EXERCISE> Set down, exactly and only, everything from the line containing "5828 NE 56th" down to the line containing "Kicking off Pro" in the data below; the pictures are not part of the copy.
[PROVIDED ENTRIES — start]
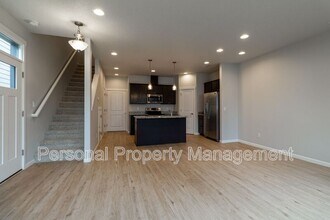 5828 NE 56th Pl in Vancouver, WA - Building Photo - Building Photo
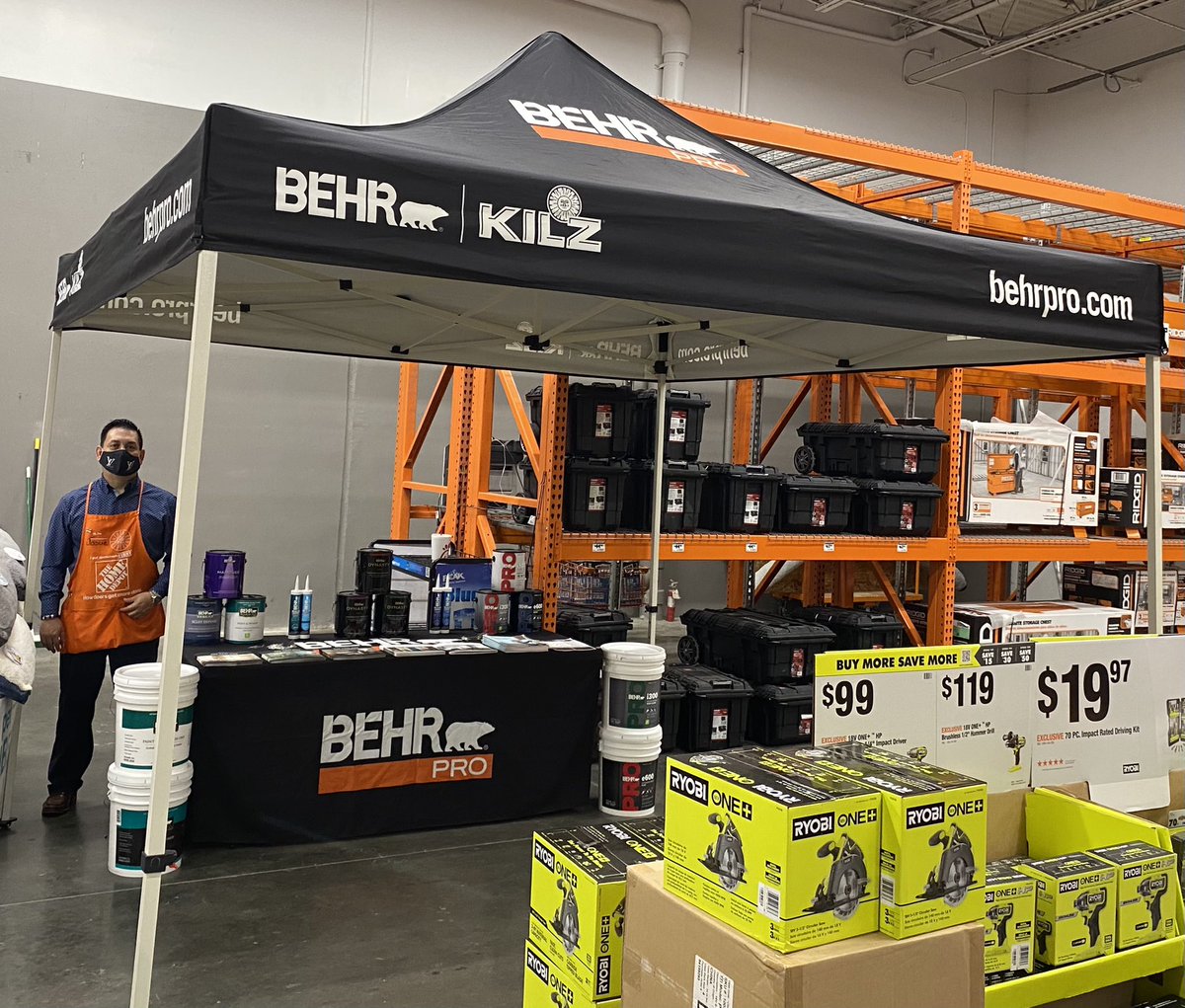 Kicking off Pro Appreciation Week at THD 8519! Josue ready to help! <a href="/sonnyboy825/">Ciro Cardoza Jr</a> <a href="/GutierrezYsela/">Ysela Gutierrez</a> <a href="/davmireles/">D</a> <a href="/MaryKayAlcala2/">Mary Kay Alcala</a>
[PROVIDED ENTRIES — finish]
[PROVIDED ENTRIES — start]
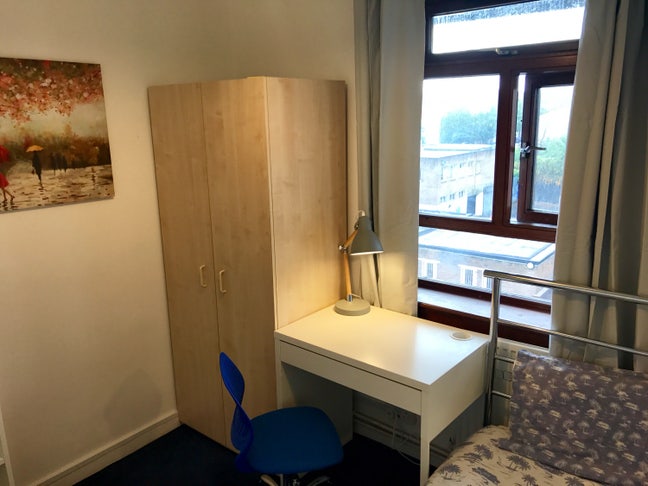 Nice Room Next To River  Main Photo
[PROVIDED ENTRIES — finish]
ANSWER TO THIS TASK>
 5828 NE 56th Pl in Vancouver, WA - Building Photo - Building Photo
 Kicking off Pro Appreciation Week at THD 8519! Josue ready to help! <a href="/sonnyboy825/">Ciro Cardoza Jr</a> <a href="/GutierrezYsela/">Ysela Gutierrez</a> <a href="/davmireles/">D</a> <a href="/MaryKayAlcala2/">Mary Kay Alcala</a>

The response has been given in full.